Working across sculpture, sound and performance, Kevin Beasley’s artworks are inspired by his personal experiences of grappling with history and are constructed with culturally relevant ephemera, materials, music and sounds that bear their stories. His sculptures layer these objects, preserved in resin, as “slabs” arranged as landscapes and painterly abstract works, clothing suspended in the form of absent figures and satellite dishes that alter the acoustics of the spaces they occupy. Sound, a powerful and consistent tool in Mr. Beasley’s practice, amplifies the physicality of his works, adding a tactile experience to his installations and performances. Their vibrations are felt in the body as much as their sources are seen and their sounds heard. These combined elements offer viewers a deeper way to contend with the stories within.
Mr. Beasley’s 2016 work, “Your face is/is not enough,” exemplified his ability to create conceptual works that blend the physicality of sculpture with sound and performance. Incorporating audio clips from riots and protests, the piece featured NATO-issued riot gas masks covered with feathers and items of clothing, which were worn by performers as they vocalized into megaphones strapped over their shoulders. The work was later included in the 2018 Liverpool Biennial and acquired by Tate.
“A View of a Landscape,” his 2018 solo show at the Whitney Museum of American Art, connected distinctly to his childhood home in Virginia, where, during a reunion, Mr. Beasley learned that his family had leased their land for growing cotton. The realization sparked research into the materials, history and impact of the cotton industry on his Black ancestors and led him to travel to Maplesville, Alabama, to purchase a 2,500-pound cotton gin motor that had been in operation during the pivotal events of the Civil Rights Movement. The resulting work, titled “A cotton gin motor” (2012-18), enclosed the restored engine in a soundproof vitrine. The hum of its operation was visually implied through the glass, while its actual roar was skillfully co-opted from the gallery and piped into a separate listening room. The exhibition also included three of Mr. Beasley’s slabs, each an 8’x10’ amalgamation of objects including Virginia-grown cotton, graduation caps, pinecones, du-rags and housedresses bought at a store in Harlem where his grandmother shopped. In 2023, a monograph and LP by the same title as the 2018 exhibition was released and chronicled Mr. Beasley’s career from 2011-20. In a show of the breadth of Mr. Beasley’s practice as well as his influences, the book includes photographs, poems, essays and contributions from collaborators, including Ralph Lemon (a previous Heinz Award winner).
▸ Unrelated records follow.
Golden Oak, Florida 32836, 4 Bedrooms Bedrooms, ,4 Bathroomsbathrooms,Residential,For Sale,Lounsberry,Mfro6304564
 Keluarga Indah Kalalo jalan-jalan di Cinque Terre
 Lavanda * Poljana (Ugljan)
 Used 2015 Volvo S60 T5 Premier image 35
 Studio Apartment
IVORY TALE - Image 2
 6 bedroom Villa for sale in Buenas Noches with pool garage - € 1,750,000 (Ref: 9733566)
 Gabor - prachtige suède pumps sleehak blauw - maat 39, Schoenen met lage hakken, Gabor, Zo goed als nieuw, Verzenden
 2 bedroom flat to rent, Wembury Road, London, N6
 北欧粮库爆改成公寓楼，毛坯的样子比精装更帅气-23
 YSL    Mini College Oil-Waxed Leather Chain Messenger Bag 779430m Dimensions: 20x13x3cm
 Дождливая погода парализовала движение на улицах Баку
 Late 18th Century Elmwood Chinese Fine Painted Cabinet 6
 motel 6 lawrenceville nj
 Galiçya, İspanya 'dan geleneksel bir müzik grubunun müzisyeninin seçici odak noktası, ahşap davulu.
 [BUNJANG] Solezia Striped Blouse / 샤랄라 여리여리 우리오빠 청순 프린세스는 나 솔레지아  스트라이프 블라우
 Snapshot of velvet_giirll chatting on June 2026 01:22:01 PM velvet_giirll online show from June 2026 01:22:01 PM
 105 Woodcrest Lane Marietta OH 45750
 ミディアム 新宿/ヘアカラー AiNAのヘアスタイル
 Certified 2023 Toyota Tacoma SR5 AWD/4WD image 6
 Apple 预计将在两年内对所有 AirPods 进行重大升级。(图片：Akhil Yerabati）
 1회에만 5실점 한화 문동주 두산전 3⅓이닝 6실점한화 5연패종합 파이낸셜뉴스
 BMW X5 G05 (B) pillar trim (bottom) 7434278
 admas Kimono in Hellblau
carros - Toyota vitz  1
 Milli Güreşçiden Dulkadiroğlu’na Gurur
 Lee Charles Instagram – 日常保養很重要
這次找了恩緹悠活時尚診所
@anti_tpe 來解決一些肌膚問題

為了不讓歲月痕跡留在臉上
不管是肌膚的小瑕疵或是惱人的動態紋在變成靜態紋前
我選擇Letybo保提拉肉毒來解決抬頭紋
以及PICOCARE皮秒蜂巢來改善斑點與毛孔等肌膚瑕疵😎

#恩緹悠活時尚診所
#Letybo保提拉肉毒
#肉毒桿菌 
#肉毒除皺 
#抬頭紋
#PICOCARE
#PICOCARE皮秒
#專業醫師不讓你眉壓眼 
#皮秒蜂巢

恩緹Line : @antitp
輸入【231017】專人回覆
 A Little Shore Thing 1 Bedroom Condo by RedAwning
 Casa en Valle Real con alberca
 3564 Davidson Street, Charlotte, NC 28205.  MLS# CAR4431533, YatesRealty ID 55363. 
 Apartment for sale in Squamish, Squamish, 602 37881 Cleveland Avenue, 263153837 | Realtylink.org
“I have a belief that histories are not only written through language but even more importantly inscribed, collected and gathered through objects, ephemera, and places we encounter. Whether it’s the texture of a weathered surface or the accumulation of stuff, the presence and existence of our activities and ultimately our lives is evidenced by what we leave behind, from footprints to legacy,” says Mr. Beasley. “My work, ‘A View of a Landscape,’ is a way for me to look at this kind of history and material residue. Not only in the long stretches of history but also in the shorter, more recent occurrences. How do we account for the movements of generations before our own —our ancestors’— while also bearing witness, engaging, and noting the subtle movements unfolding right in front of us? I can’t help but feel implicated in this fact, so it is imperative for me to channel this through my hands with materials that bring mystery, malleability, and aesthetic discovery to the forefront.”
“My husband, John Heinz, embraced the conviction that life is made worth living by continuous questioning, examination and exploration, and he viewed the arts as a lens through which a society examines its conscience,” says Teresa Heinz, Chairman of the Heinz Family Foundation. “Kevin’s multilayered, interdisciplinary work calls us to do just that, drawing us in to reflect on and better understand the truth of our past and inspiring us to rethink how we together shape what comes next. We honor Kevin not only for his impact on the world of contemporary art, but more importantly, for creating works of sculpture, sound, materials and memory that captivate and direct us toward a more just future.”
Roberto Lugo is a ceramicist, activist, poet and educator based in Philadelphia. A self-described “ghetto potter,” he is known for wheel-thrown pottery of traditional European and Asian vessel forms that he uses as canvases for his portraits and ornate street art designs. Depicting narratives about social resistance movements, hip-hop culture and his own Puerto Rican and African heritage, they feature overglaze paintings of his heroes, ranging from Stacey Abrams to Beyoncé.
Mr. Lugo’s work and influence extend beyond his studio practice. He takes his potter’s wheel out onto city sidewalks to encourage strangers to give it a try, hoping to spark the same joy and confidence it affords him. He brings that spirit of generosity into his classroom at Temple University and gives proceeds from sales of his pots to various causes, including expunging the records of incarcerated minors.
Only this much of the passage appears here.